[TASK INPUTS — start]

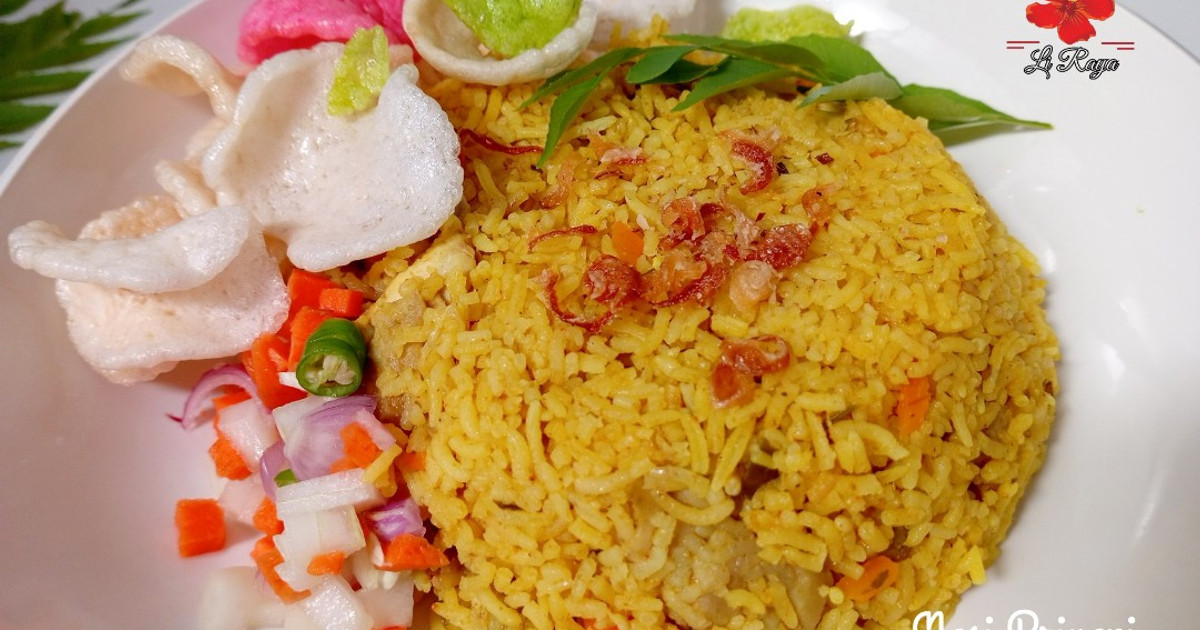 Resep Nasi Briyani Creamy Rasanya Maknyus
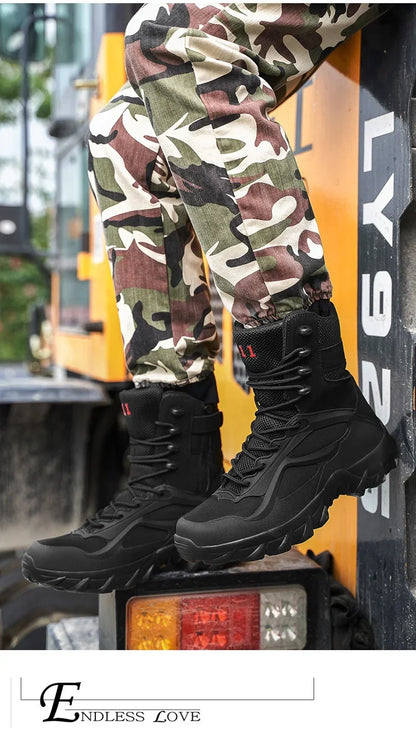 Men's Tactical Boots - Lightweight Autumn Special Forces Field Boots, Non-Slip Outdoor Shoes for Men (Zapatillas Hombre)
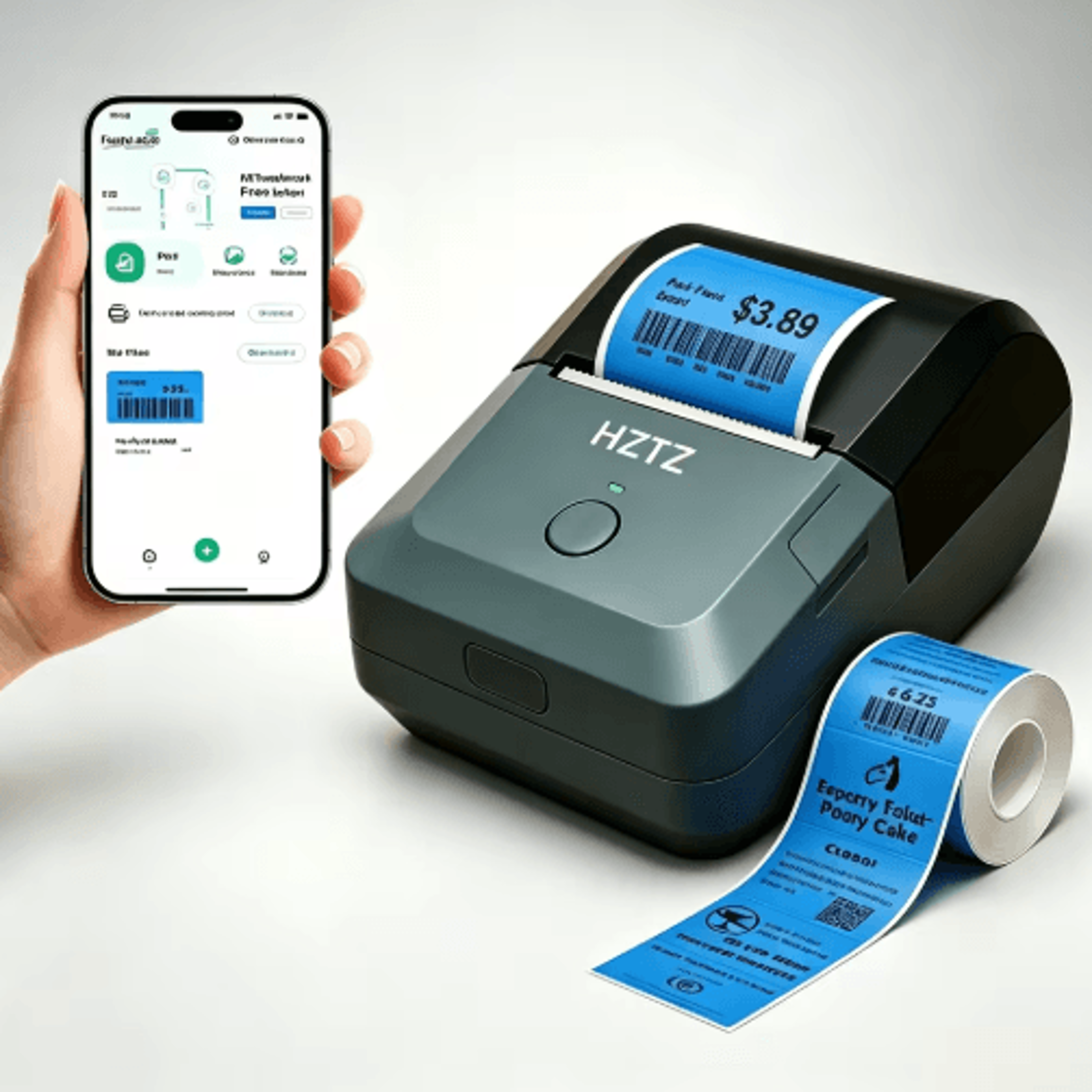 Inkless Bluetooth Thermal Label Printer  Wireless Sticker Maker For Retail  Inventory 3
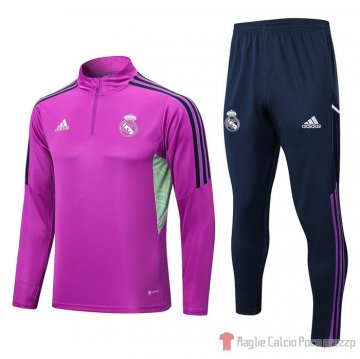 Felpa Della Tuta Real Madrid 2022-23 Purpura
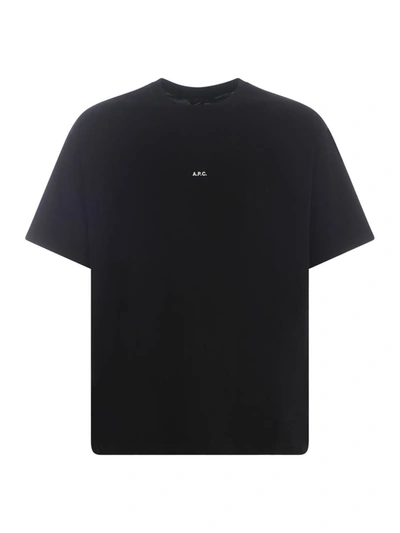 Shop Apc A.p.c.  T-shirts And Polos Black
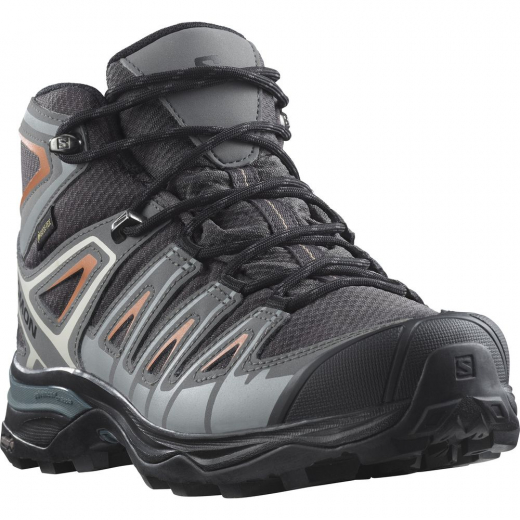 X Ultra Pioneer Mid Gtx Femme Magnet / Quiet / Coral Gold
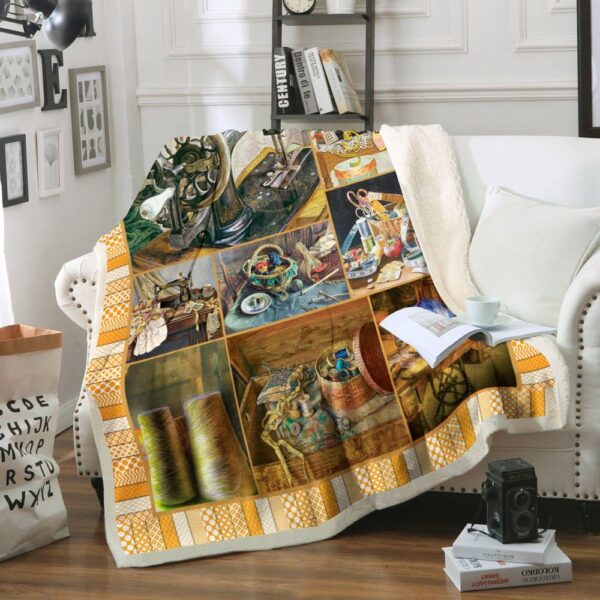 Sewing Fleece Blanket Sherpa Blanket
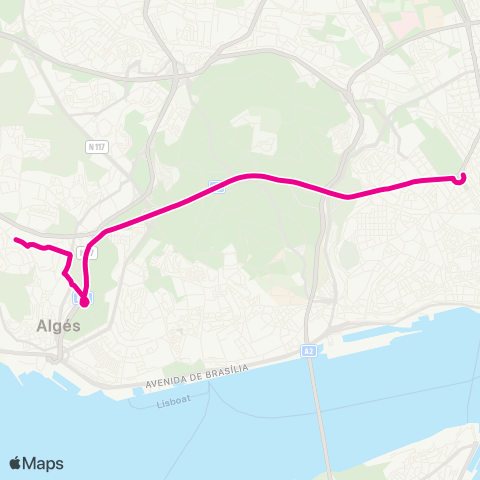 Carris Marquês Pombal - Linda-a-Velha map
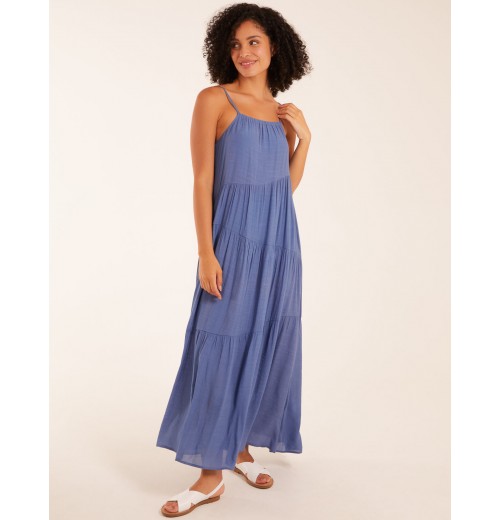 Drawstring Tier Maxi Dress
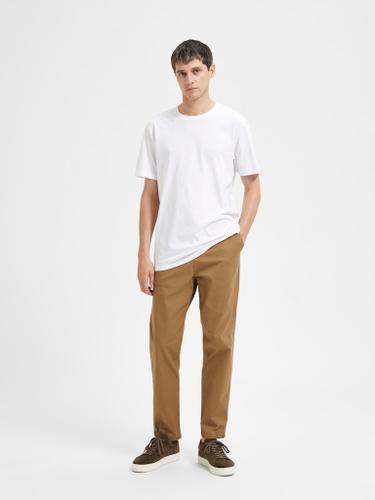 SLHASPEN SS O-NECK TEE NOOS Weiß S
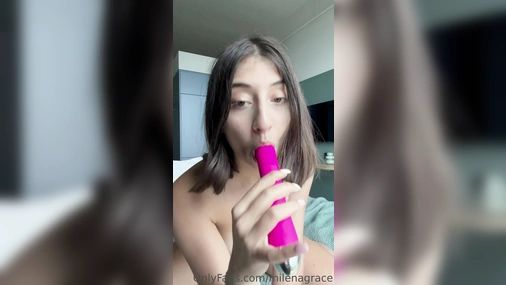 Milena Grace Dirty Talking And Riding Dildo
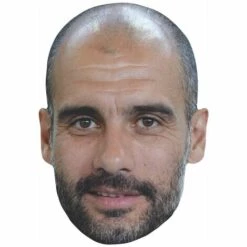STAR CUTOUTS Masque En Carton - Football Entraineur Pep Guardiola - Multicolor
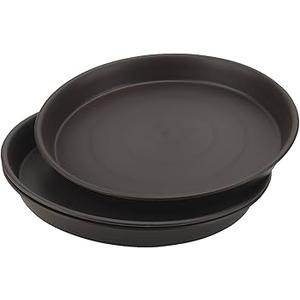 15 Inch Plant Saucer, Black Plant Plates to Catch Water, Pebble Tray for Plant Humidity, Flower Pot Saucers for Indoor and Outdoor Garden(2PCS)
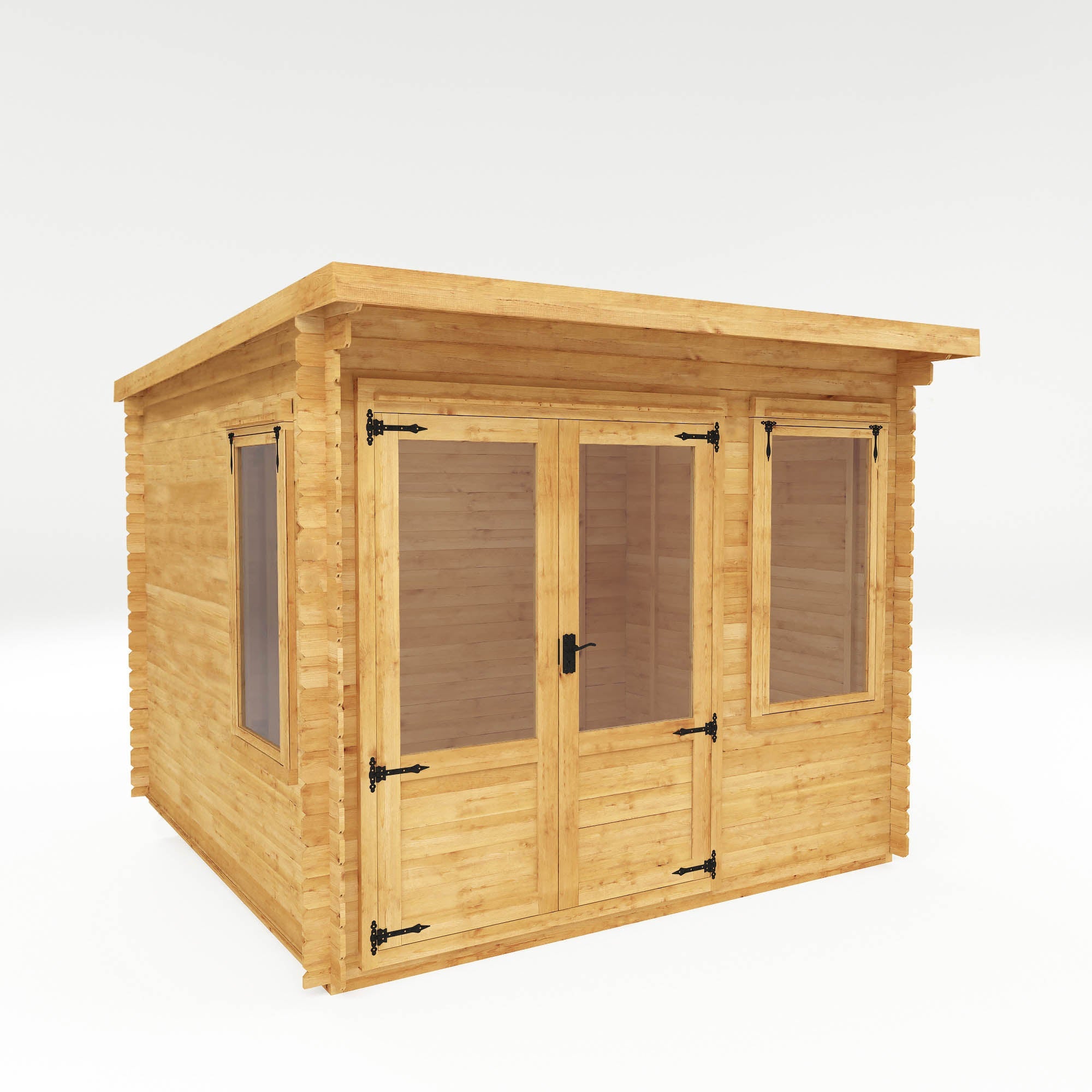 Value 19mm Pent Log Cabin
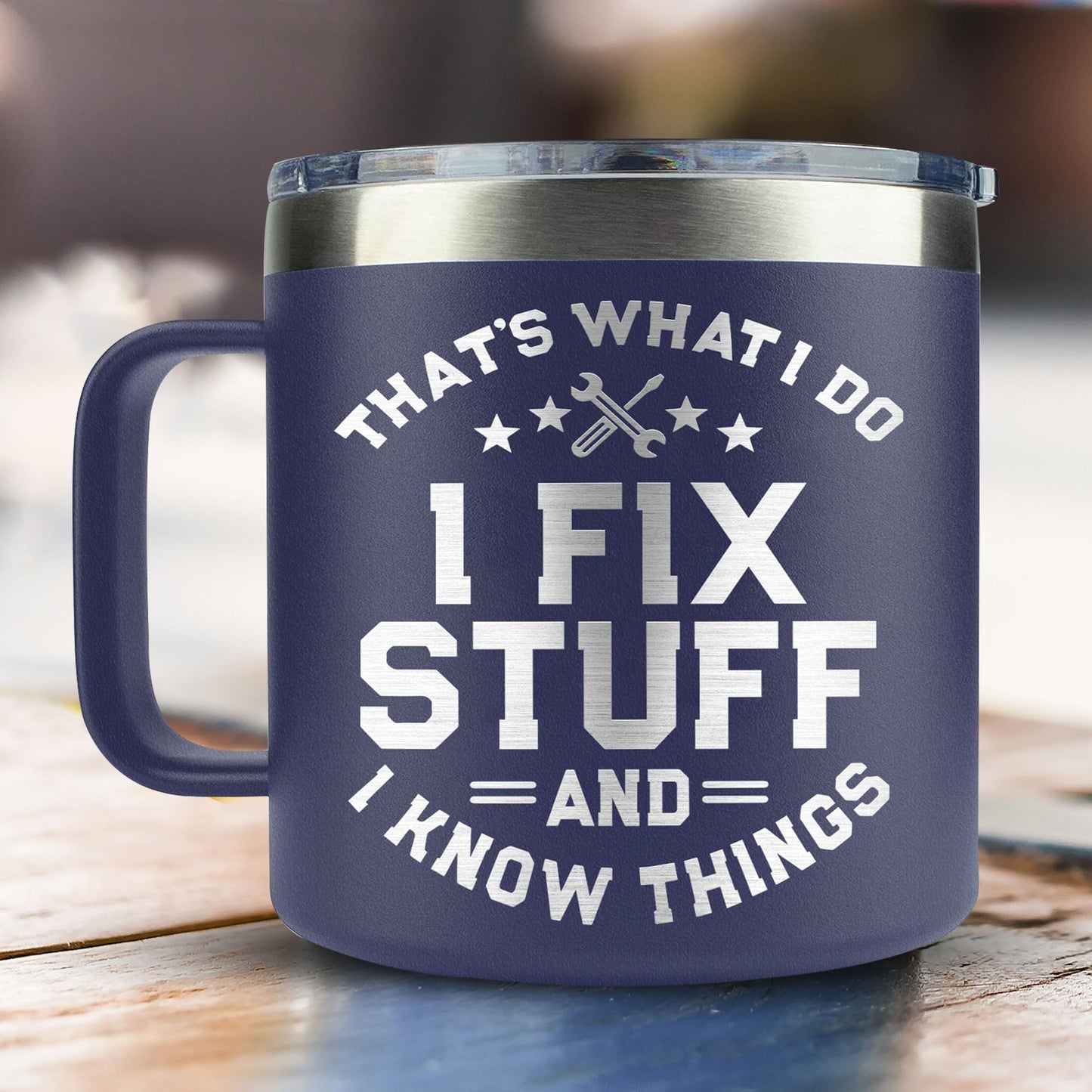 Father's Day Gifts for Dad, Husband - Birthday gifts for Men Unique - Mens Gifts, Dads Birthday Gift Ideas - for Him, Handyman, Grandpa, Men Mug 14 Oz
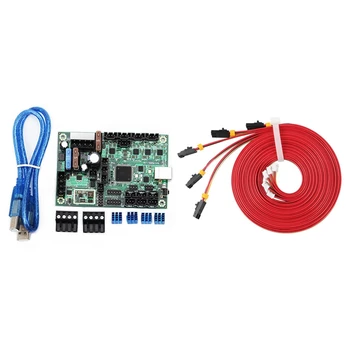 

1Pcs Dc 10-28V Mini-Rambo 1.3 Control Board Set Kit & 5Pcs 1M Nama17 42 Stepper Motor Cables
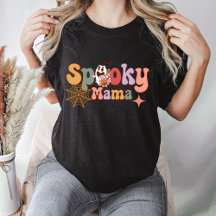 Spooky Mamma, Halloween T-shirts, Spooky Vibe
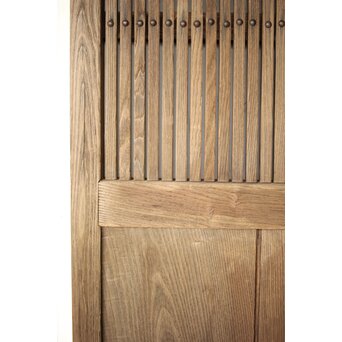 栗の格子蔵戸　W116 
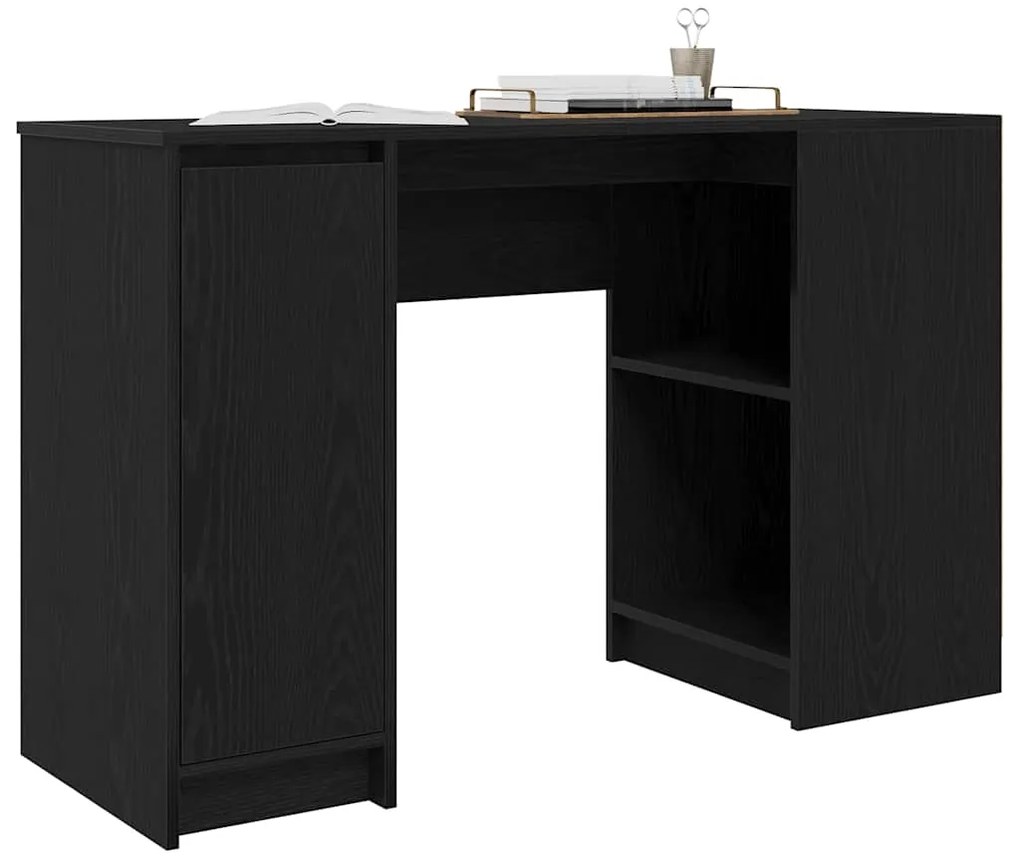Secretária 120x42x76 cm derivados de madeira cor carvalho preto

[TASK INPUTS — finish]

EXERCISE INSTRUCTIONS: Reproduce the listing word for word. Do not carry over the pictures.

SOLUTION TO THE EXERCISE:
 Resep Nasi Briyani Creamy Rasanya Maknyus
 Men's Tactical Boots - Lightweight Autumn Special Forces Field Boots, Non-Slip Outdoor Shoes for Men (Zapatillas Hombre)
 Inkless Bluetooth Thermal Label Printer  Wireless Sticker Maker For Retail  Inventory 3
 Felpa Della Tuta Real Madrid 2022-23 Purpura
 Shop Apc A.p.c.  T-shirts And Polos Black
 X Ultra Pioneer Mid Gtx Femme Magnet / Quiet / Coral Gold
 Sewing Fleece Blanket Sherpa Blanket
 Carris Marquês Pombal - Linda-a-Velha map
 Drawstring Tier Maxi Dress
 SLHASPEN SS O-NECK TEE NOOS Weiß S
 Milena Grace Dirty Talking And Riding Dildo
STAR CUTOUTS Masque En Carton - Football Entraineur Pep Guardiola - Multicolor
 15 Inch Plant Saucer, Black Plant Plates to Catch Water, Pebble Tray for Plant Humidity, Flower Pot Saucers for Indoor and Outdoor Garden(2PCS)
 Value 19mm Pent Log Cabin
 Father's Day Gifts for Dad, Husband - Birthday gifts for Men Unique - Mens Gifts, Dads Birthday Gift Ideas - for Him, Handyman, Grandpa, Men Mug 14 Oz

1Pcs Dc 10-28V Mini-Rambo 1.3 Control Board Set Kit & 5Pcs 1M Nama17 42 Stepper Motor Cables
 Spooky Mamma, Halloween T-shirts, Spooky Vibe
 栗の格子蔵戸　W116 
Secretária 120x42x76 cm derivados de madeira cor carvalho preto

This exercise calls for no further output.